• [WORK ORDER] Your answer should consist only of the lines below from the one with "Spacious 3-Bedroom Apartment" through the one with "madrid fuente de", copied exactly.

• [DATA FOR THE TASK]
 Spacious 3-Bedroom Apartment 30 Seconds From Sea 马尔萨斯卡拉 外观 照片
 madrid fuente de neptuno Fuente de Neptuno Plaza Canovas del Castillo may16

* * *

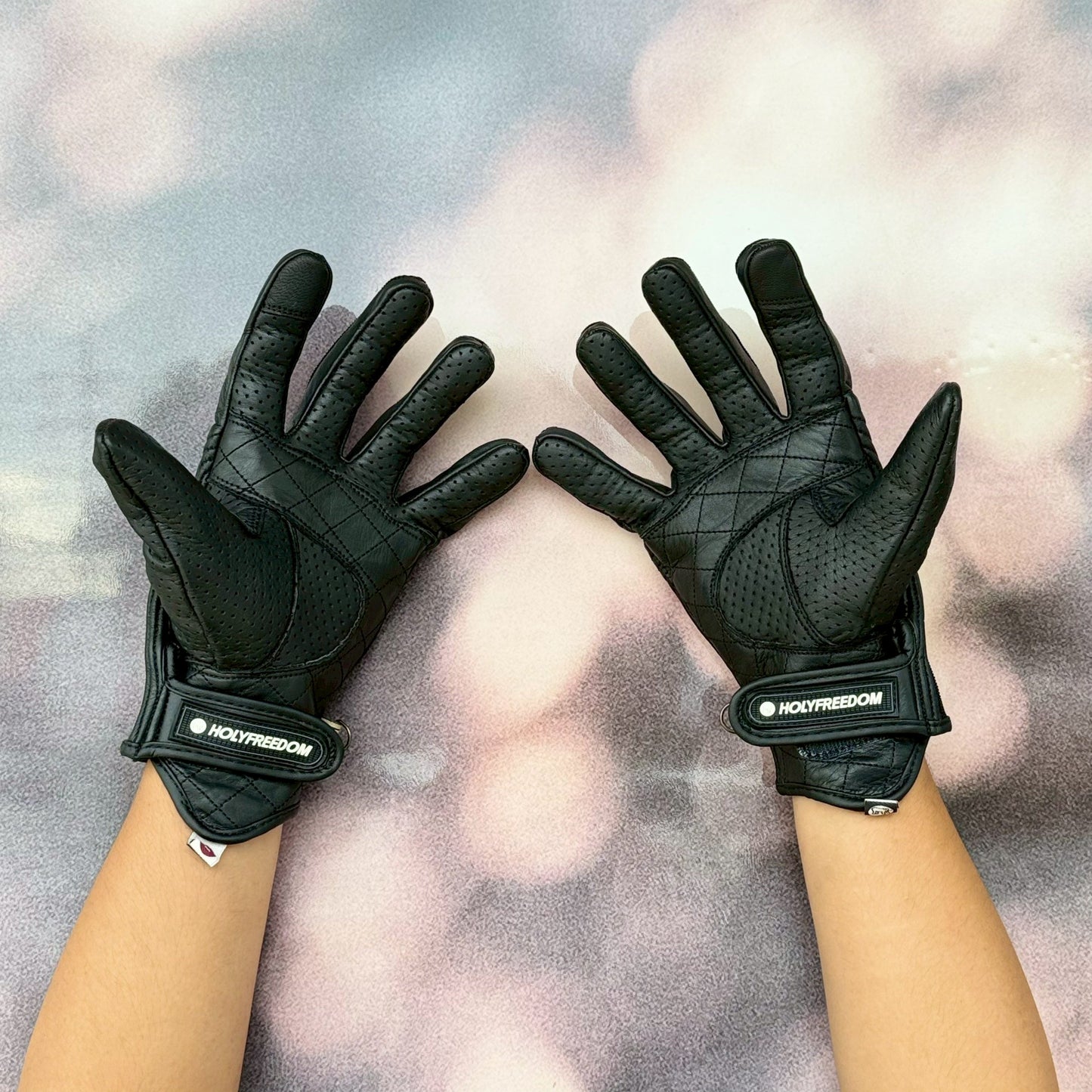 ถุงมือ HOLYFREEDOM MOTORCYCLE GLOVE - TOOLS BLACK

--

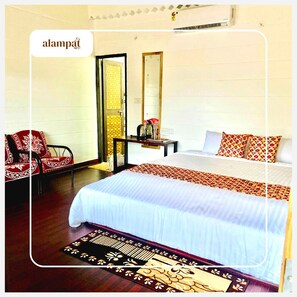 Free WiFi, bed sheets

• [TASK SOLUTION]
 Spacious 3-Bedroom Apartment 30 Seconds From Sea 马尔萨斯卡拉 外观 照片
 madrid fuente de neptuno Fuente de Neptuno Plaza Canovas del Castillo may16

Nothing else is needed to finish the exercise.